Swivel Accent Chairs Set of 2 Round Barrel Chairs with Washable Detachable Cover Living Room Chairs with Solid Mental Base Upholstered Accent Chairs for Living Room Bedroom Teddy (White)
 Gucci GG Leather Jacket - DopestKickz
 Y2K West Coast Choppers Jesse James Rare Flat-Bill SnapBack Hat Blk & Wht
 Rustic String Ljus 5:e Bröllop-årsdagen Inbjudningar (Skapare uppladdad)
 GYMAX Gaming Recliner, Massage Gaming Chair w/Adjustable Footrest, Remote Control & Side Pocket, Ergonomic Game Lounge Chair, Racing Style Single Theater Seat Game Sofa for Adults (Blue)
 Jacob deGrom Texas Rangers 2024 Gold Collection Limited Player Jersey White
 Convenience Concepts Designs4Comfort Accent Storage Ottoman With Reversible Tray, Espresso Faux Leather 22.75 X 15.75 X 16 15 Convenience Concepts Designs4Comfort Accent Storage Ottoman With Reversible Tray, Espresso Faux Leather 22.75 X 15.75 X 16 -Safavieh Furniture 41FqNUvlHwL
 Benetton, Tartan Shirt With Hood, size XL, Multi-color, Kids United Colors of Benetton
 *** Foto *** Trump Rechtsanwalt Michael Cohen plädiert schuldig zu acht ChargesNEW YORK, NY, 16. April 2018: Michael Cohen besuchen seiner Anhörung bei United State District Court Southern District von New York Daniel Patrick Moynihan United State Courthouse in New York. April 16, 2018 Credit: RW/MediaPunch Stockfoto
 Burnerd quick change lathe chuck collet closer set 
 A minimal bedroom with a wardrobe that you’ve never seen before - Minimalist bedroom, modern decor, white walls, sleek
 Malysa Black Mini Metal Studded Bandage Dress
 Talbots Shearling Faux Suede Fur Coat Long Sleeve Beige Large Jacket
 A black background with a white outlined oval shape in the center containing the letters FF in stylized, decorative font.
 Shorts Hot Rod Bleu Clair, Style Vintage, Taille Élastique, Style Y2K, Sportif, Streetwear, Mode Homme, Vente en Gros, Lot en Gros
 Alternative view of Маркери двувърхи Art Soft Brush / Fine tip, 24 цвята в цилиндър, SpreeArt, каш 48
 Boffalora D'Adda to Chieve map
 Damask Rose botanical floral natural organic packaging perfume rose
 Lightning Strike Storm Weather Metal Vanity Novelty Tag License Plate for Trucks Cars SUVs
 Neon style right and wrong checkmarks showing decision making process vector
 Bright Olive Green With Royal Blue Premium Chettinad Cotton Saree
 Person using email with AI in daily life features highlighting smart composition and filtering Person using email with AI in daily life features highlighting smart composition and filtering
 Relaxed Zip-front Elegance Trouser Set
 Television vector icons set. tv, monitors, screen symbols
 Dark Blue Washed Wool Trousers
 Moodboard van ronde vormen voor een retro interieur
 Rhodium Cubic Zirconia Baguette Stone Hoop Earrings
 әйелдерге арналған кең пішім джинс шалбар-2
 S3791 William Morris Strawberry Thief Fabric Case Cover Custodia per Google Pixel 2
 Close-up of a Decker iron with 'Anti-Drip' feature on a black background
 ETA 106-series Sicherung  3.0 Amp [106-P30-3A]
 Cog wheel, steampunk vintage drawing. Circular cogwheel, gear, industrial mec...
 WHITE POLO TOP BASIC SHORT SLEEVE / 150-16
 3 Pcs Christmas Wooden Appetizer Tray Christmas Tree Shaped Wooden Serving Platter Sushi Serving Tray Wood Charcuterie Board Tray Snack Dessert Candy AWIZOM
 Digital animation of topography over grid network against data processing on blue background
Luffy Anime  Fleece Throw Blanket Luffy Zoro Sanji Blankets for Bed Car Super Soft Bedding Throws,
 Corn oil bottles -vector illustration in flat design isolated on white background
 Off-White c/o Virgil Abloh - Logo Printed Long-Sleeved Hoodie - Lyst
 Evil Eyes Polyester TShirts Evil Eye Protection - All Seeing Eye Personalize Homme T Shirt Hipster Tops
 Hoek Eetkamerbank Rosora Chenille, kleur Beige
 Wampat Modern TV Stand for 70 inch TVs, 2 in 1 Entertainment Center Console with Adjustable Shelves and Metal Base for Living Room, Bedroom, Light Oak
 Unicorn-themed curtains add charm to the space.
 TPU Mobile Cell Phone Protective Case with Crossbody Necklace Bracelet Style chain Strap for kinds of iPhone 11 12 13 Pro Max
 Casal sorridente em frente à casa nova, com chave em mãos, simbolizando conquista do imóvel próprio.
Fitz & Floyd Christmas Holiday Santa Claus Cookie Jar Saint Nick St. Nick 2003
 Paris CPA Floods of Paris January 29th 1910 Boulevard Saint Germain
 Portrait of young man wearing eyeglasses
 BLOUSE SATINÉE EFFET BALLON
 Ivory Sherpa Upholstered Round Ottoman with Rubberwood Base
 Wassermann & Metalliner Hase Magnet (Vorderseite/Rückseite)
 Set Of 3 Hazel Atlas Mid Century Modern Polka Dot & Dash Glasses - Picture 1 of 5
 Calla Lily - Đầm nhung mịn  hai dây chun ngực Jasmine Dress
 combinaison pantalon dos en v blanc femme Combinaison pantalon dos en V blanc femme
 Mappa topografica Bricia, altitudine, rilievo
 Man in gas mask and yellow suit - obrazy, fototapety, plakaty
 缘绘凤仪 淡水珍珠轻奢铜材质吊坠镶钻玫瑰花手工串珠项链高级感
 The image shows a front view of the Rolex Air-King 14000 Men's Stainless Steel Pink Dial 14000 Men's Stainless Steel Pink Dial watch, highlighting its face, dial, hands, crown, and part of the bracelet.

Work required: Each line in the entries above, starting at the line with "Alternative view of" and ending at the line with "Bright Olive Green", is to be printed exactly, and only those lines.

Solution below:
 Alternative view of Маркери двувърхи Art Soft Brush / Fine tip, 24 цвята в цилиндър, SpreeArt, каш 48
 Boffalora D'Adda to Chieve map
 Damask Rose botanical floral natural organic packaging perfume rose
 Lightning Strike Storm Weather Metal Vanity Novelty Tag License Plate for Trucks Cars SUVs
 Neon style right and wrong checkmarks showing decision making process vector
 Bright Olive Green With Royal Blue Premium Chettinad Cotton Saree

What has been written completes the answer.